This page describes the data set that stores the user history of WMF's wikis. It lives in Analytic's Hadoop cluster and is accessible via the Hive/Beeline external table wmf.mediawiki_user_history. For more detail of the purpose of this data set, please read Analytics/Data Lake/Page and user history reconstruction. Also visit Analytics/Data access if you don't know how to access this data set.

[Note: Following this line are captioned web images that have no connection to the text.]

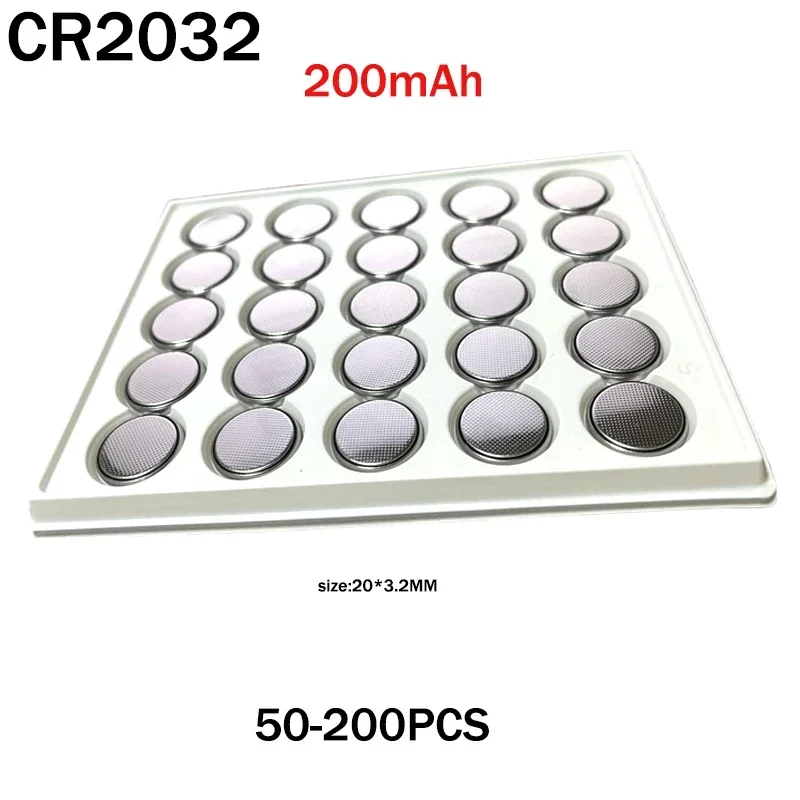 NEW 25-300PCS 3V CR2032 Lithium Button Battery CR 2032 3V Coin Cell Watch Batteries for Toy Clock Calculator Remote Control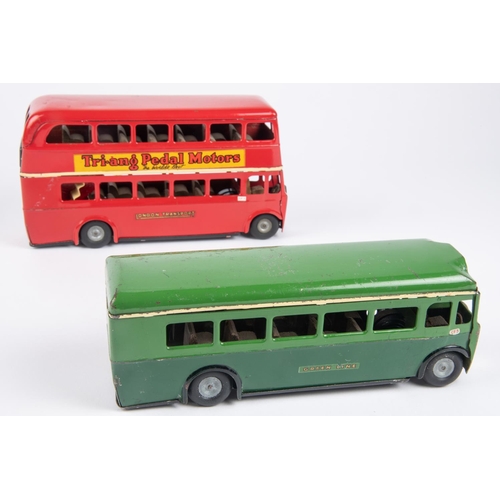 491 - 2 Tri-ang Minic clockwork double deck/single deck buses. AEC RT, route 14 in red LT livery. Plus a A... 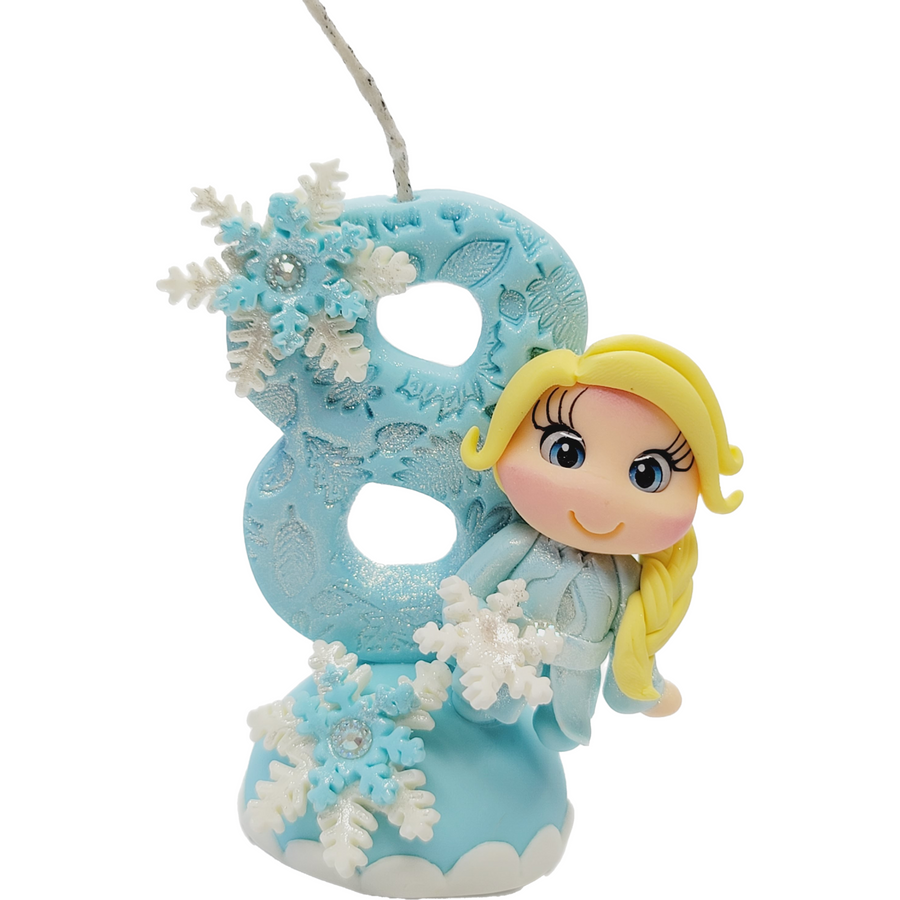 Blond Princess themed candle #8 for cake top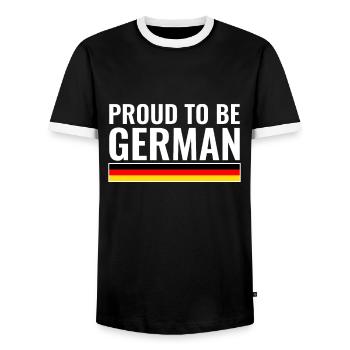 Proud To be German Germany German Flag - Men's Ringer Shirt - black/white - Front - AI Model Female 172 light (172cm) & AI Model Male 178 light (178cm)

col_name data_type comment
wiki_db string enwiki, dewiki, eswiktionary, etc.
user_id bigint ID of the user, as in the user table.
user_text_historical string Historical user name.
user_text string User name as of today.
user_groups_historical array<string> Historical user groups.
user_groups array<string> User groups as of today.
user_blocks_historical array<string> Historical user blocks.
user_blocks array<string> User blocks as of today.
user_registration_timestamp string When the user account was registered, in YYYYMMDDHHmmss format.
created_by_self boolean Whether the user created their own account
created_by_system boolean Whether the user account was created by mediawiki (eg. centralauth)
created_by_peer boolean Whether the user account was created by another user
anonymous boolean Whether the user is not registered
is_bot_by_name boolean Whether the user's name matches patterns we use to identify bots
start_timestamp string Timestamp from where this state applies (inclusive).
end_timestamp string Timestamp to where this state applies (exclusive).
caused_by_event_type string Event that caused this state (create: account was created; rename: account was renamed; altergroups: user's group memberships changed; or alterblocks: user's block status changed).
caused_by_user_id bigint ID from the user that caused this state.
caused_by_block_expiration string Block expiration timestamp (YYYYMMDDhhmmss), if the block has an expiry set. "indefinite" for indefinite blocks.
inferred_from string If non-NULL, indicates that some of this state's fields have been inferred after an inconsistency in the source data.
snapshot string Versioning information to keep multiple datasets (YYYY-MM for regular labs imports)

Note the snapshot field: It is a Hive partitions. It explicitly maps to snapshot folders in HDFS. Since the full data is present in every snapshot up to the snapshot date, you should always specify a snapshot partition predicate in the where clause of your queries.

Changes and known problems

Date Schema version Details Phab


2017-11 For pairs of fields that give current and historical versions of a value, rename the fields so that _historical is appended to the historical field rather than _latest to the current one.
2016/10/06 n/a The dataset contains data for simplewiki and enwiki until september 2016. Still we need to productionize the automatic updates to that table and import all the wikis.
2017/03/01 n/a Add the snapshot partition, allowing to keep multiple versions of the user history. Data starts to flow regularly (every month) from labs.